Given information =>
▬▬▬

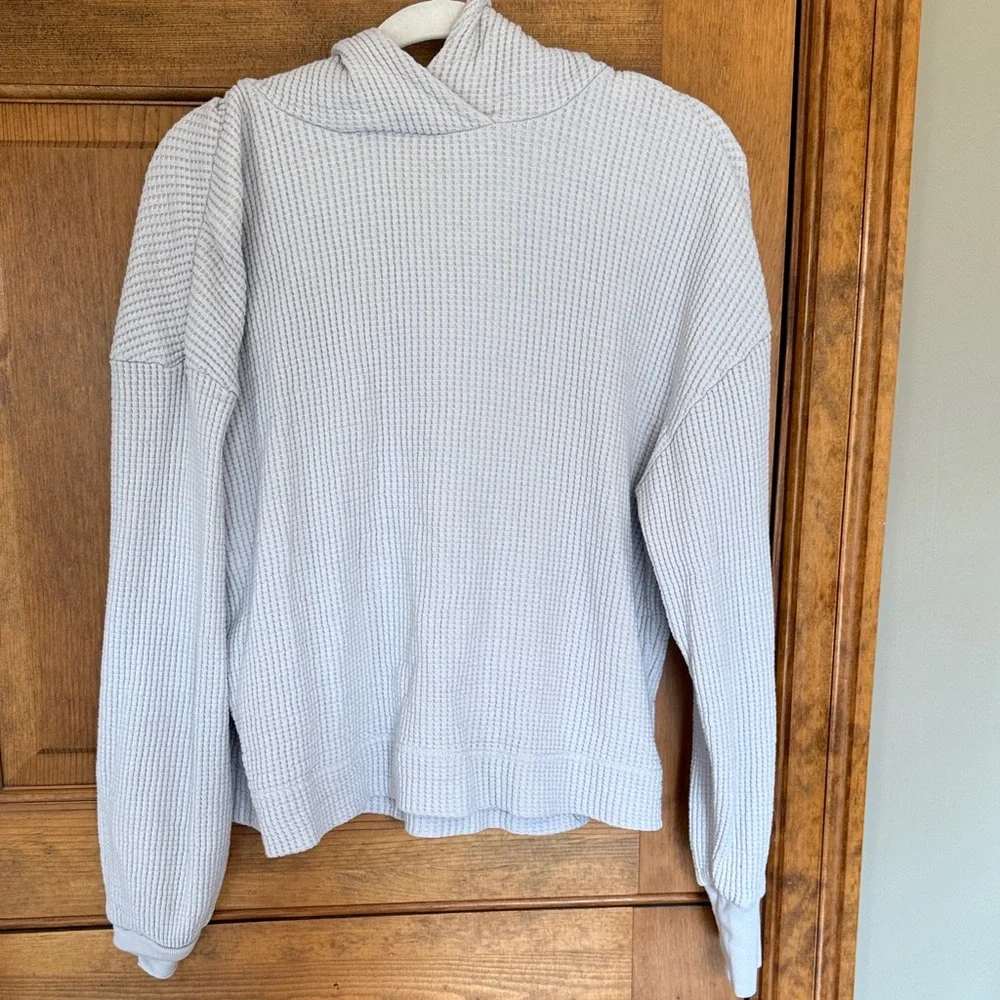 GAP Gray Waffle Knit Hoodie - Medium - Picture 1 of 4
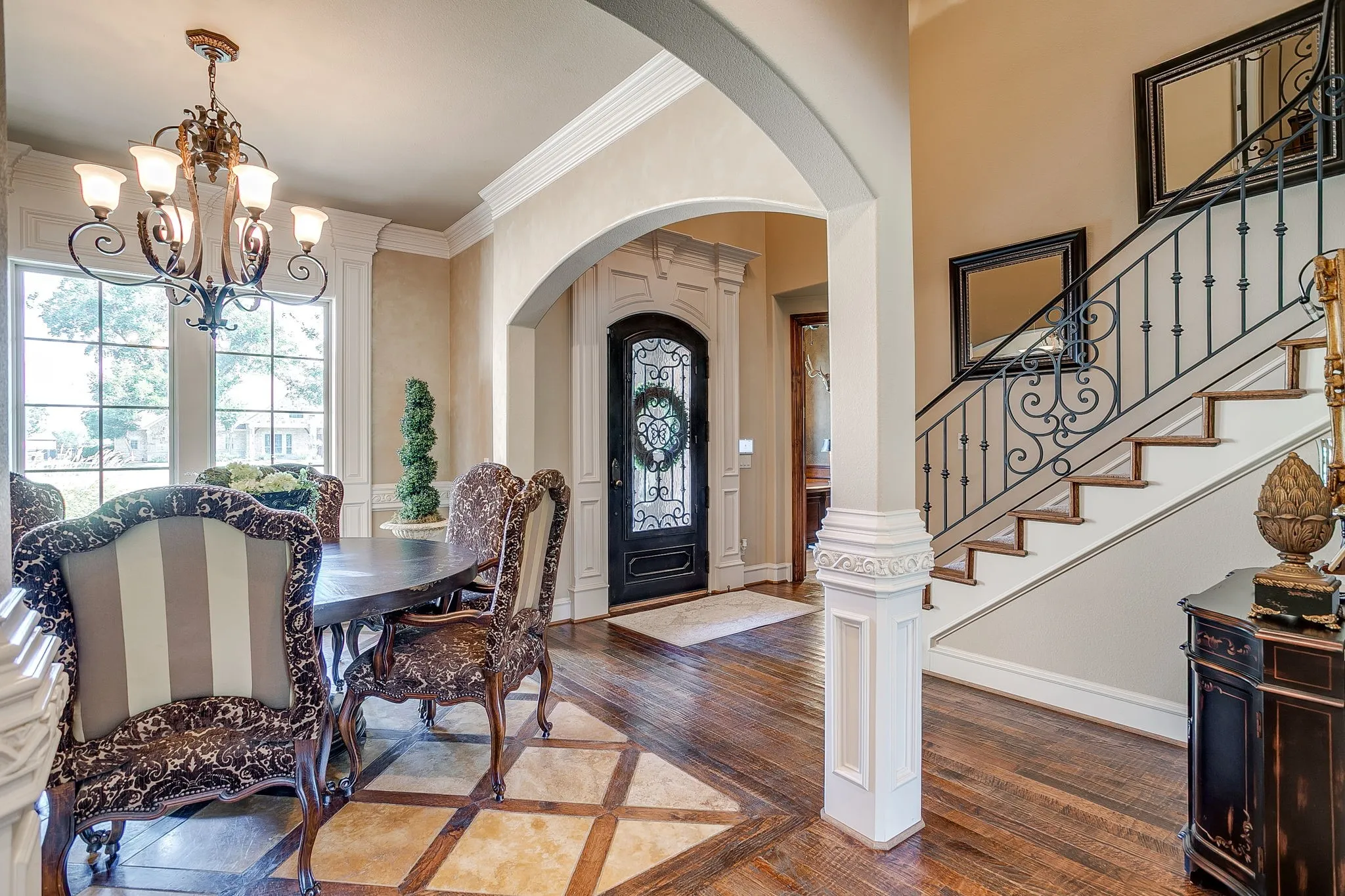 Single Family Residence For Sale in Tarrant County , 6251 Paper Shell Way, Fort Worth, Texas 76179, 5 Bedroom, 4 Bathroom, 3 Garage spaces, 4,357 Sqft, built in 2007, mls#21395305, Real Estate Agent in Fort Worth, Homes For Sale in Tarrant county, Homes For Sale in Fort Worth, Realtor in Fort Worth Texas, Real Estate Brokerage Independent Realty Texas, Luminita Cordes Realtor
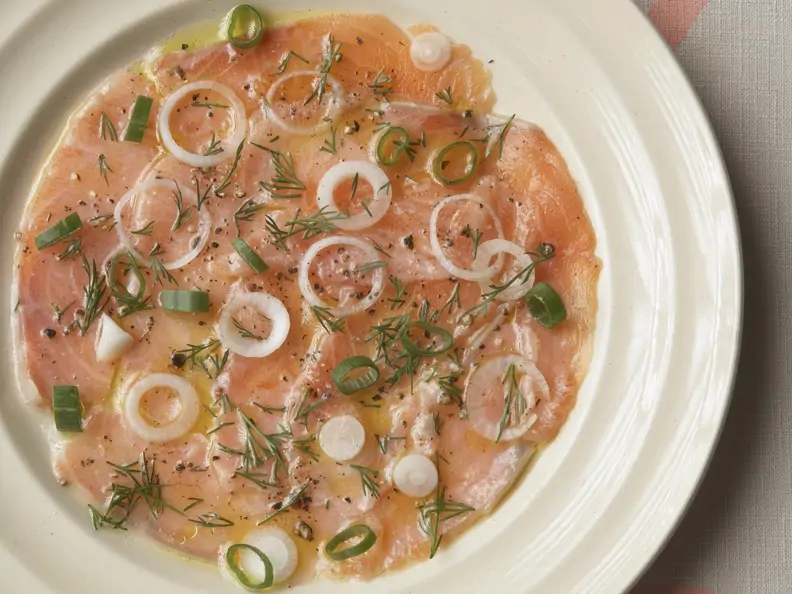 Carpaccio vom Lachs mit Dill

▬▬▬

Please copy out each line above exactly as written, but not the pictures.

 GAP Gray Waffle Knit Hoodie - Medium - Picture 1 of 4
 Single Family Residence For Sale in Tarrant County , 6251 Paper Shell Way, Fort Worth, Texas 76179, 5 Bedroom, 4 Bathroom, 3 Garage spaces, 4,357 Sqft, built in 2007, mls#21395305, Real Estate Agent in Fort Worth, Homes For Sale in Tarrant county, Homes For Sale in Fort Worth, Realtor in Fort Worth Texas, Real Estate Brokerage Independent Realty Texas, Luminita Cordes Realtor
 Carpaccio vom Lachs mit Dill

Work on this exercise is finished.